_What the exercise asks_
Only the lines from the one containing "Brockmire - Rally" through the last line of the data below belong in your answer, copied exactly and without pictures.
──────────
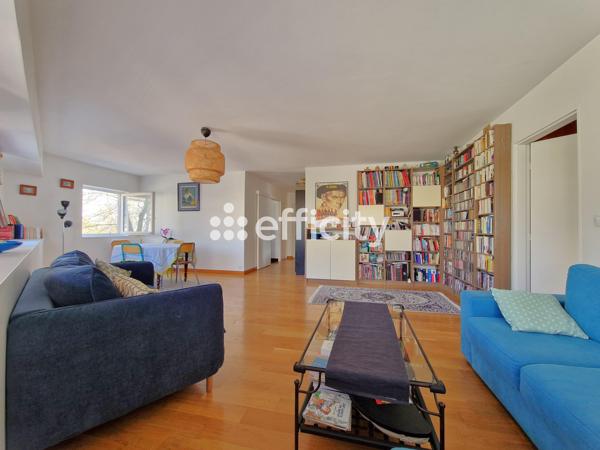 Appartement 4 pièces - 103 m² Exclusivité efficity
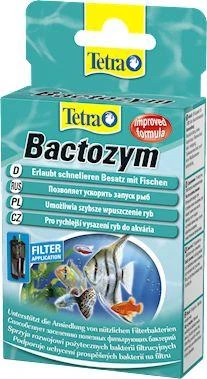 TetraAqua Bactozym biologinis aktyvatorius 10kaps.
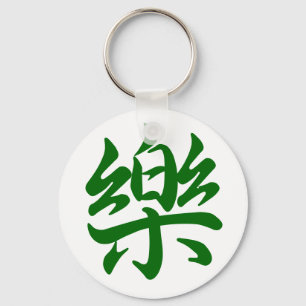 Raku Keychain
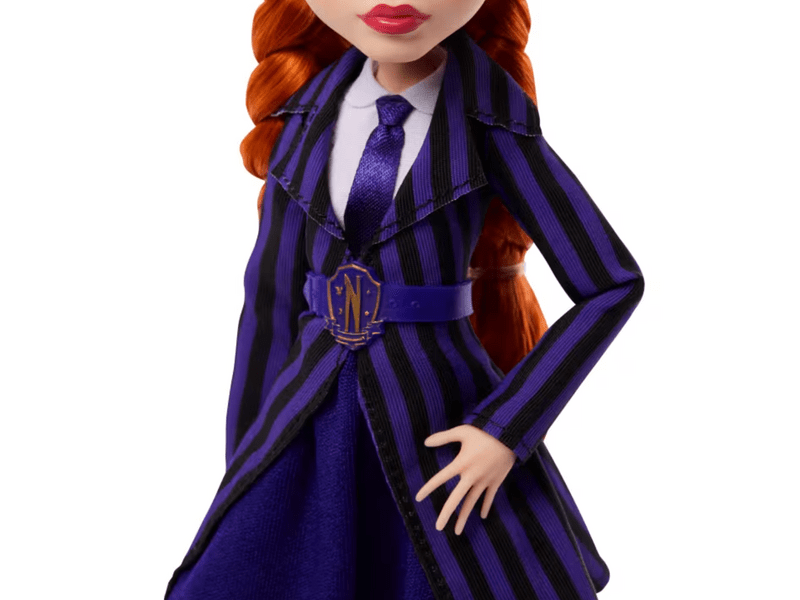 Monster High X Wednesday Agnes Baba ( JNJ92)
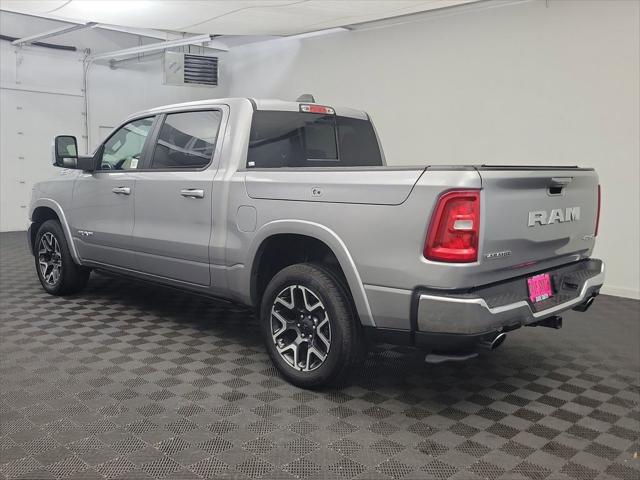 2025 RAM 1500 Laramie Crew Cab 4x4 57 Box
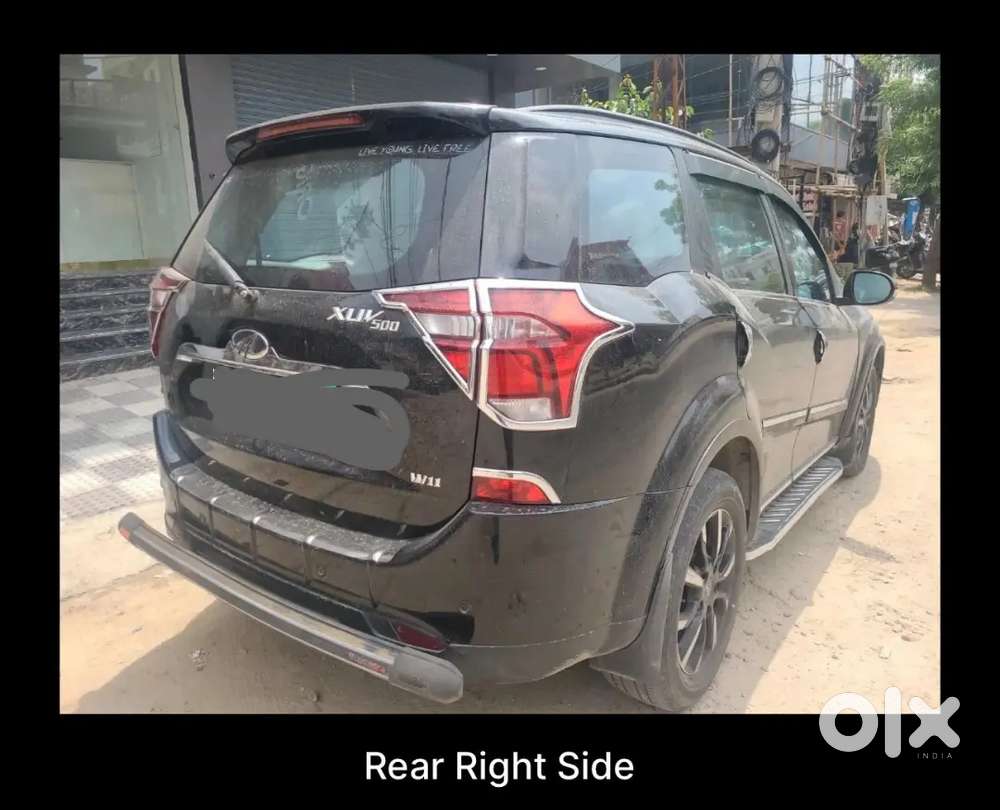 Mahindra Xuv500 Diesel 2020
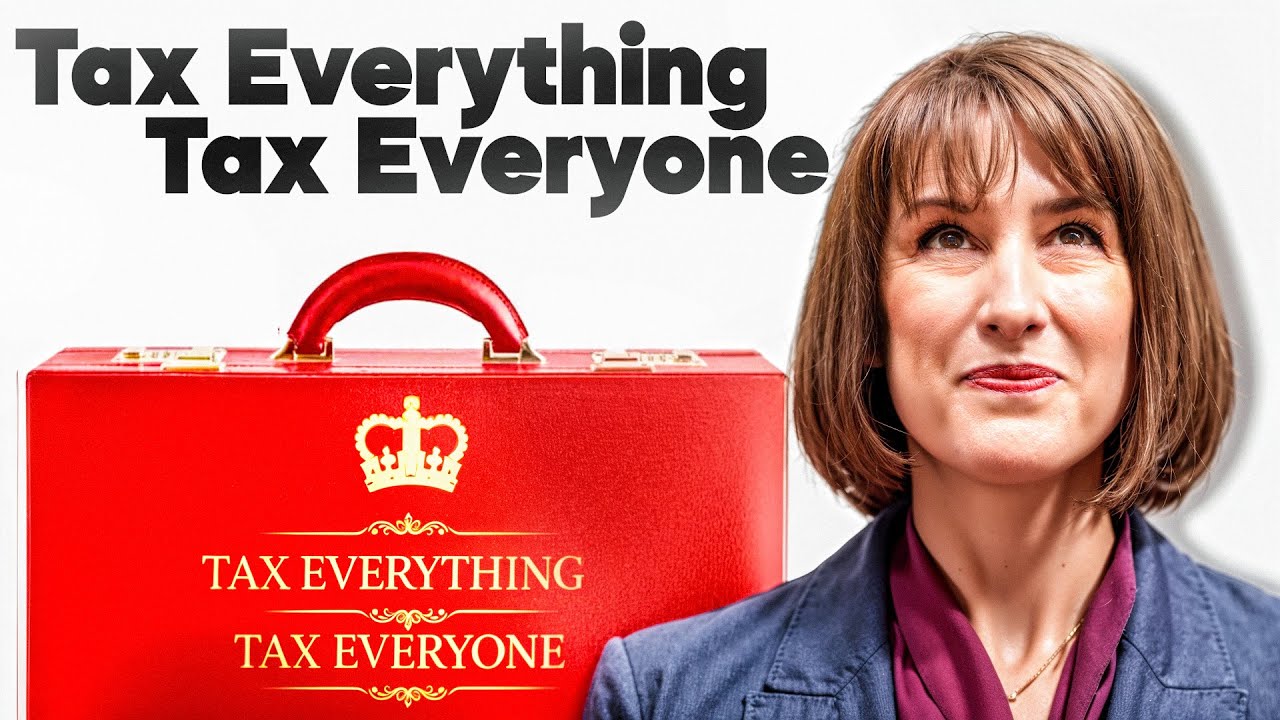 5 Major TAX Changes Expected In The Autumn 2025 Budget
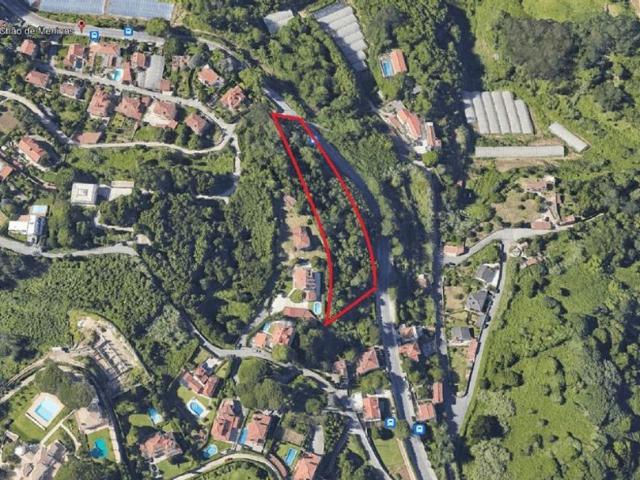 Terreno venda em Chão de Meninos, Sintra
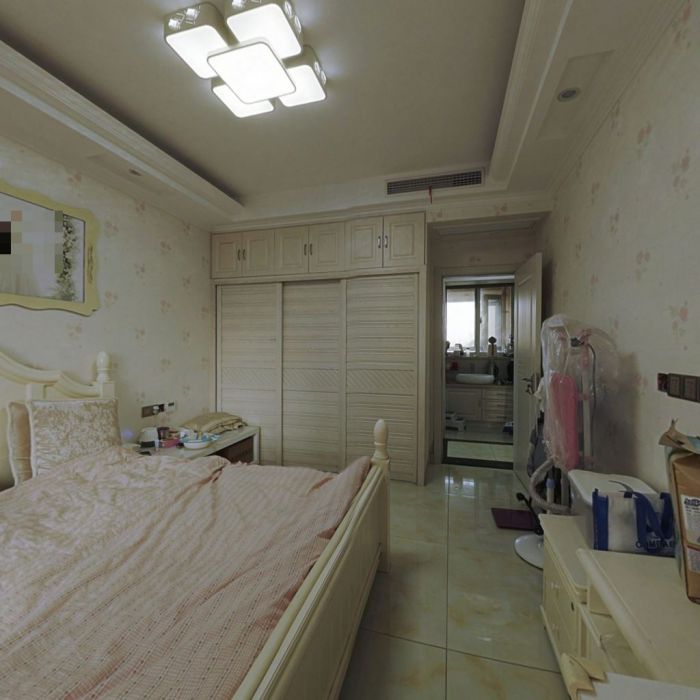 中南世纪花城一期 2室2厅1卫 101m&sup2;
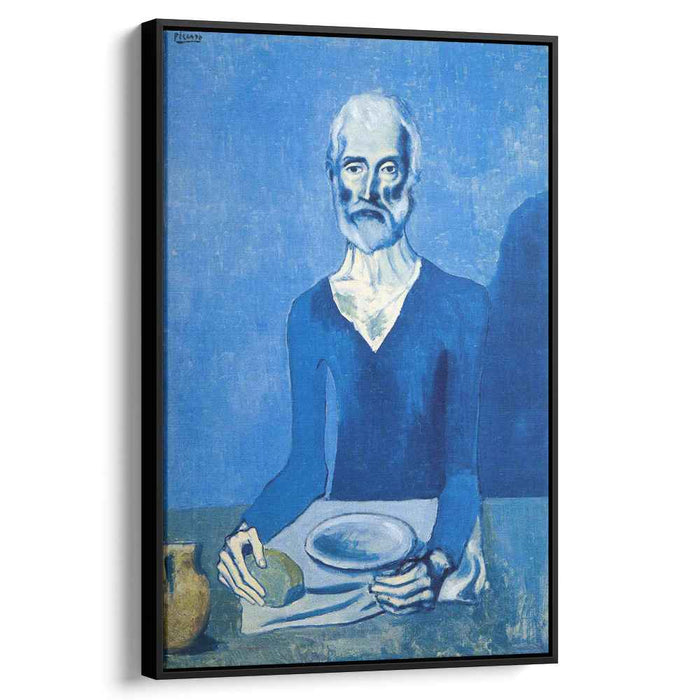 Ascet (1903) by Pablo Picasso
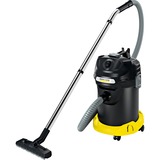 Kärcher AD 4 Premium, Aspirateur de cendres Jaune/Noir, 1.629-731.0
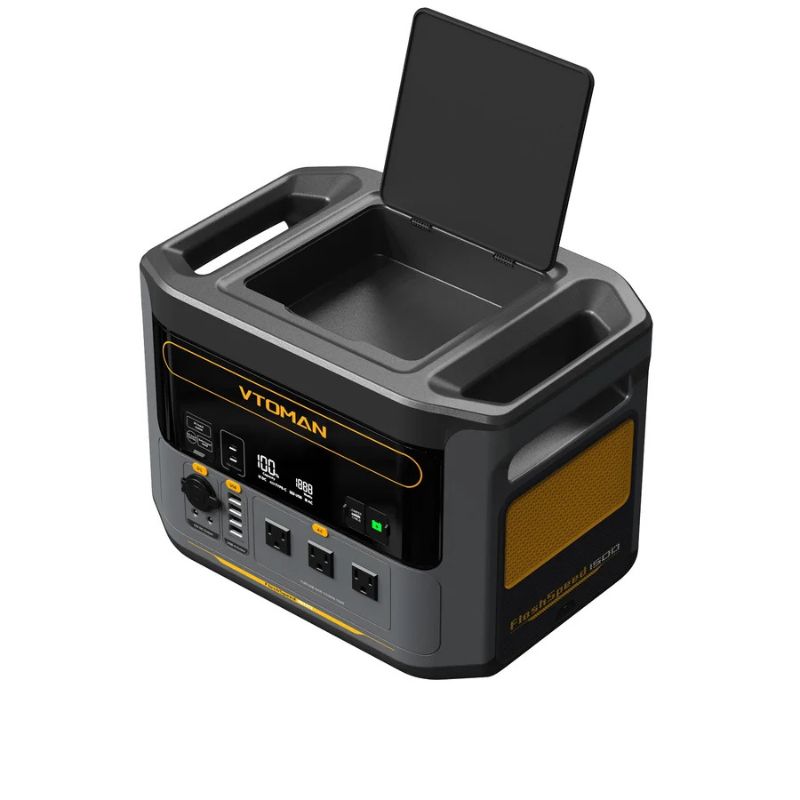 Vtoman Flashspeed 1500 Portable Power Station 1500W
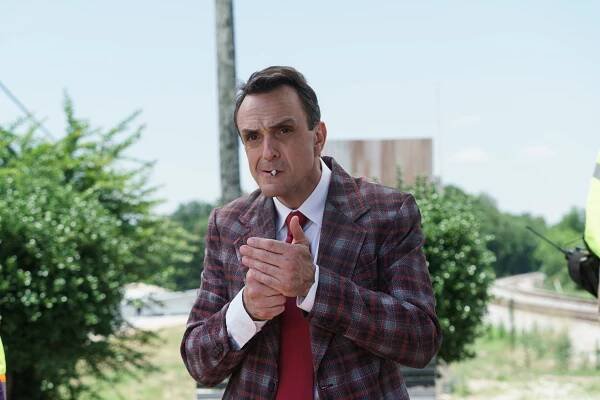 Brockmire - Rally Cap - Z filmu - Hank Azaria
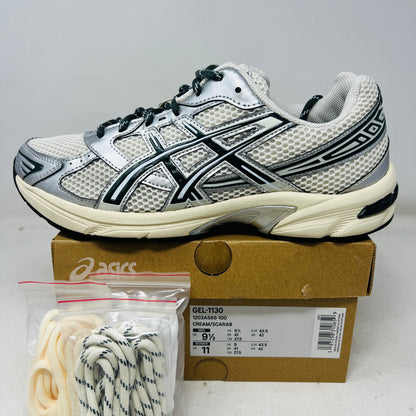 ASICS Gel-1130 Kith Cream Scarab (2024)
──────────
_Solved exercise_
 Brockmire - Rally Cap - Z filmu - Hank Azaria
 ASICS Gel-1130 Kith Cream Scarab (2024)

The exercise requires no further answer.